An if, semicolon, and let gotcha
tl;dr
When a let
expression begins in the final branch of an if
expression,
a semicolon will not terminate the let
; instead the let
expression will include
the code that comes after the semicolon. One might expect that the semicolon ends the
if
expression, and that the code following it will execute after the entire if
expression,
but instead that code is part of the if
expression. This can introduce subtle bugs because
the code may behave as expected when the final branch of the if
executes, but not when it
doesn’t. Indentation that suggests that the code after the semicolon is not part of the if
and let
can also make the bug difficult to see. To make the semicolon follow the entire if
with the embedded let
, wrap the let
expression in parentheses or begin
/end
.
(The apparent problem is a consequence of the normal, useful behavior of let
interacting
user expectations for how if
works.)
The problem
Suppose we have an if
expression executed for the sake of
side effects. This is a complete expression. A subsequent semicolon
will sequence the next expression so that it is always executed:
let foo n =
if n < 0
then print_string "low\n"
else print_string "high\n";
print_string "ok\n"
Let’s try it out in utop
:
# foo 42;;
high
ok
- : unit = ()
# foo (-42);;
low
ok
- : unit = ()
So far, so good. Now we decide to introduce a let
inside the first,
then
branch of the if
, like this:
let bar x =
if x < 0
then let message = "low\n" in
print_string message
else print_string "high\n";
print_string "ok\n"
This behaves identically to the foo
function defined above. Great.
Next we define a function in which the let is in the second, else
,
branch of the if
:
let buggy_baz x =
if x < 0
then print_string "low\n"
else let message = "high\n" in
print_string message;
print_string "ok\n"
Let’s try it out in utop
:
# buggy_baz 42;;
high
ok
- : unit = ()
# buggy_baz (-42);;
low
- : unit = ()
Why is the final “ok” output missing in the second example?

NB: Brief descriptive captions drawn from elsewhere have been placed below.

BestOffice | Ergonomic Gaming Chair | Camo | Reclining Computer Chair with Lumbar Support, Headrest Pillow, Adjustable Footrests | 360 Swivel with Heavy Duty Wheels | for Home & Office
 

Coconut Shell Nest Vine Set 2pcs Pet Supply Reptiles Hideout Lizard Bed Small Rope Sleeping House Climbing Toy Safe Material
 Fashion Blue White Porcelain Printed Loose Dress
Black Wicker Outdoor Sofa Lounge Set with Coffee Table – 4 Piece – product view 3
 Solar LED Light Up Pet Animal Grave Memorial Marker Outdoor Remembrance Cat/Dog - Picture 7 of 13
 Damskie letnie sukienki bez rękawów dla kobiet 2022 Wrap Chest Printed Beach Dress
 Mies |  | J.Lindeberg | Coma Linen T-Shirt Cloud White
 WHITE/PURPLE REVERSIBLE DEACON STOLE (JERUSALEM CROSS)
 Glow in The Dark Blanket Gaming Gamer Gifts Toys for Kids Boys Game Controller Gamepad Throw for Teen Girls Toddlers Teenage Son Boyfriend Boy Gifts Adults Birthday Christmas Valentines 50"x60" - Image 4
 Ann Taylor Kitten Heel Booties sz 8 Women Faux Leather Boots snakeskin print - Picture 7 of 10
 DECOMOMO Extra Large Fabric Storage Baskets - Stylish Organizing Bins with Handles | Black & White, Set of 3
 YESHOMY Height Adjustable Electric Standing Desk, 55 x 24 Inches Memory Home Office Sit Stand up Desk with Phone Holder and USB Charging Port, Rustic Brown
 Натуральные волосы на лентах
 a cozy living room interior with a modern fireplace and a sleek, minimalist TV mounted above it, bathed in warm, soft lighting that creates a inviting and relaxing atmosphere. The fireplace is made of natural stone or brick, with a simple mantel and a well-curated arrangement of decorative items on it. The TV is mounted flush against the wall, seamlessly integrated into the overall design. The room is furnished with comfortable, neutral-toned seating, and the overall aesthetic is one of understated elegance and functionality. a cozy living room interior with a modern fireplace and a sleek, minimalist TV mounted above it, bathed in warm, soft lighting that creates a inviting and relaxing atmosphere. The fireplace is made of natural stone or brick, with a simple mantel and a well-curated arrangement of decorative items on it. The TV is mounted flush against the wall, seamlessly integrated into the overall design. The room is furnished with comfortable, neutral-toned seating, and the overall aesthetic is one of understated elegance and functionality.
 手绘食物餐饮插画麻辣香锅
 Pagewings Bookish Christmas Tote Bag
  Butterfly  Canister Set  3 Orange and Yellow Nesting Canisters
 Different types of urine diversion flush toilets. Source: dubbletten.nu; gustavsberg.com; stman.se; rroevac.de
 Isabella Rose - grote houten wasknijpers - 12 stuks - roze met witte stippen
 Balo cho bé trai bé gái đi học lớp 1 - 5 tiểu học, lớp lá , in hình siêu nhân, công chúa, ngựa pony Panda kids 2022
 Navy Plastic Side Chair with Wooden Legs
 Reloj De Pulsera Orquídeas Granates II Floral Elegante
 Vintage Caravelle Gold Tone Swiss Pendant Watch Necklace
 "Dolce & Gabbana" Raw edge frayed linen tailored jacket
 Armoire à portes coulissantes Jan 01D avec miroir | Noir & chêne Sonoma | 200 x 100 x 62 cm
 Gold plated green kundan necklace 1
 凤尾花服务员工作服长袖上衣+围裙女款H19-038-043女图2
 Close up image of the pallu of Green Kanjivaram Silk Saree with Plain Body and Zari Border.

This isn’t what we intended.
This problem will also occur with a single-branch if
/then
expression
and a let
in the then
branch.
Why does the problem occur?
The problem is that the let
expression captured the final print_string
.
OCaml interpreted the semicolon before print_string "ok\n"
as sequencing
it within the scope of the let
expression, rather than after the entire
if
/then
/else
. As a result, print_string "ok\n"
only runs when
the else
clause is executed.
Misleading indentation, as in the example above, can make it difficult to see
the problem. print_string "ok\n"
should be indented in the same way as the
line above it.
This behavior is really just a consequence of the normal (and useful) scoping
rule for let
. Here’s an example in utop
:
# let x = 3 in
print_int x;
print_string ",";
print_int x;
print_string "\n";;
3,3
- : unit = ()
let
is designed have a scope that extends past semicolons. (How far? That’s a
bigger question about OCaml syntax more generally.) The problem is that
when the let
is in the last branch of the if
, it can be natural for us to
think that the semicolon ends the if
expression, as it would if the let
wasn’t
part of the branch. However, for if
, let
and semicolon to behave that way would
require let
to have a different behavior when it was placed inside an if
expression.
The solution
Misleading indentation can be avoided by using an in-editor code formatting tool
such as ocp-indent
. See Editor Tools
on the Code Tools page.
We can make the code after the semicolon execute after the if
and let
expressions
by explicitly delimiting the scope of the inner let
using parentheses or begin
/end
:
let baz x =
if x < 0
then print_string "low\n"
else (let message = "high\n" in
print_string message);
print_string "ok\n"
Or:
let baz x =
if x < 0
then print_string "low\n"
else begin
let message = "high\n" in
print_string message
end;
print_string "ok\n"
These functions will behave identically to the original foo
function above.
Another solution is to wrap the entire if
expression in parentheses
or begin
/end
.
Note that you have to include a semicolon after the closing )
or end
.
Otherwise you will get a potentially confusing error message such as this one:
Error: This expression has type unit
This is not a function; it cannot be applied.
Summary
The general rule is that let
will capture anything that’s sequenced in whatever happens
to be the last if
clause. This is because the scope of let
always extends
as far as it can into subsequent semicolon-delimited expressions. You can prevent
this behavior by explicitly delimiting the let
or the if
using parentheses
or begin
/end
.